05 Deep Dive Into Indexes Part Two

05 Deep Dive into Indexes Part Two #

In the previous article, I introduced you to the data structure model of InnoDB indexes. Today, let’s continue discussing concepts related to MySQL indexes.

Before we start this article, let’s take a look at this question:

In the table T below, if I execute select * from T where k between 3 and 5, how many tree search operations will be performed and how many rows will be scanned?

Here is the initialization statement for this table.

mysql> create table T (
ID int primary key,
k int NOT NULL DEFAULT 0, 
s varchar(16) NOT NULL DEFAULT '',
index k(k))
engine=InnoDB;
 
insert into T values(100,1, 'aa'),(200,2,'bb'),(300,3,'cc'),(500,5,'ee'),(600,6,'ff'),(700,7,'gg');

img

Figure 1: InnoDB’s index organization structure

Now, let’s take a look at the execution process of this SQL query:

  1. Find the record with k=3 on the k index tree and retrieve ID=300;
  2. Go to the ID index tree and find R3 corresponding to ID=300;
  3. Get the next value on the k index tree, k=5, and retrieve ID=500;
  4. Go back to the ID index tree and find R4 corresponding to ID=500;
  5. Get the next value on the k index tree, k=6, which does not satisfy the condition, and the loop ends.
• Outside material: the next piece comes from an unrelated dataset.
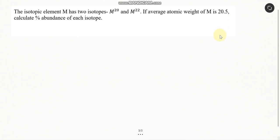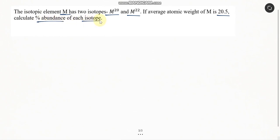Hello everyone, we are here to get another question from some basic concepts of chemistry. The question is: the isotopic element M has two isotopes, M20 and M22. If the average atomic weight of M is 20.5, calculate the percentage abundance of each isotope.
In this process, the process of returning to the primary key index tree search is called a “covered index”. As you can see, this query process reads 3 records from the k index tree (steps 1, 3, and 5) and returns to the ID index tree twice (steps 2 and 4).

In this example, since the data required for the query result is only available in the primary key index, it is necessary to return to the primary key index tree. So, is it possible to avoid the need for returning to the primary key index tree through index optimization?

Covering Index #

If the executed statement is select ID from T where k between 3 and 5, in this case, only the value of ID is needed, and the value of ID is already on the k index tree. Therefore, the query result can be directly provided without the need to return to the primary key index tree. In other words, in this query, the index k has “covered” our query requirement, which is called a covering index.

Since a covering index can reduce the number of tree searches and significantly improve query performance, using a covering index is a commonly used performance optimization technique.

It should be noted that internally, using a covering index on index k actually reads three records, R3 to R5 (corresponding to the index entries on index k). However, for MySQL’s Server layer, it means getting two records from the engine, so MySQL considers the number of scanned rows to be 2.

Note: Regarding the issue of how to view the number of scanned rows, I will discuss it in detail with you in the 16th article “How to Correctly Display Random Results?”.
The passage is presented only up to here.